Oxford City Council is borrowing the money to fund the regeneration scheme for its five “vertical villages”.
It will be part of a £77m investment to help combat Oxford’s chronic housing shortage, with plans to build more than 500 new homes.
The five tower blocks, dating from the mid-1960s, are sited in Wood Farm, Northway and Cowley, plus two in Blackbird Leys. They contain 348 flats in total.
One block will be refurbished each year, with the project due to start next year.
Work will include repairs to the external fabric, replacement windows and upgrading wall panels to improve energy efficiency.
In recent years the council has considered demolishing them.
But Dr Joe McManners, city council board member for housing, said: “We intend to make them attractive places where people can live with a decent quality of life.
“The housing need in Oxford is so acute that we need to make sure that we are getting the best out of our accommodation.”

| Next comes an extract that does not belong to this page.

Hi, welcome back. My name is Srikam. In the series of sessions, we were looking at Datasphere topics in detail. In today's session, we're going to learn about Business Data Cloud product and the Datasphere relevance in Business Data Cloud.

He said the council had been left with the choice of leaving the tower blocks as they are, before eventual demolition, or borrowing millions to bring them up to standard.

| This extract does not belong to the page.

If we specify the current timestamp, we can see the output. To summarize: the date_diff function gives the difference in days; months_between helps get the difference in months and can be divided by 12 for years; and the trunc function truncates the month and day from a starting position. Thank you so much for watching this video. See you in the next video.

Ultimately the shortage of land and the cost of new development had settled the issue, he added.
Town Hall spokesman Louisa Dean said the £8m refurbishment was in addition to ongoing work to flats to meet the Decent Homes standard.
She said: “The work will help to reduce residents’ energy bills and our carbon footprint. Work in future years will include repairs and improvements to the internal communal areas and new heating systems.
“The council will shortly be consulting tenants and residents.”
Residents will not need to move out of their flats during work. The bulk of people living in the tower blocks are council tenants, with “a significant minority” of private owners.
Ade Adeniran, who lives in Evenlode Tower in Blackbird Leys, said: “It has been like this for years so it could probably do with a spruce-up.”
Windrush Tower resident Fatima Houdi said: “I’m pleased.”
But Justin White, who lives in Windrush Tower, said: “They need to come down, to be honest. ”
The council is having to borrow £200m to gain control of its own council housing stock, in a one-off payment to the Government. This will allow it to keep the rent it collects, instead of having to hand over a chunk to Whitehall each year.
The council says it plans to find money for the refurbishment and new housing by extending the period of repayment of the loans.
The first wave of construction will see 117 council homes built – including ones in Wood Farm and Blackbird Leys. A further 400 affordable homes, likely to form part of the proposed Barton West development, will follow over the next decade.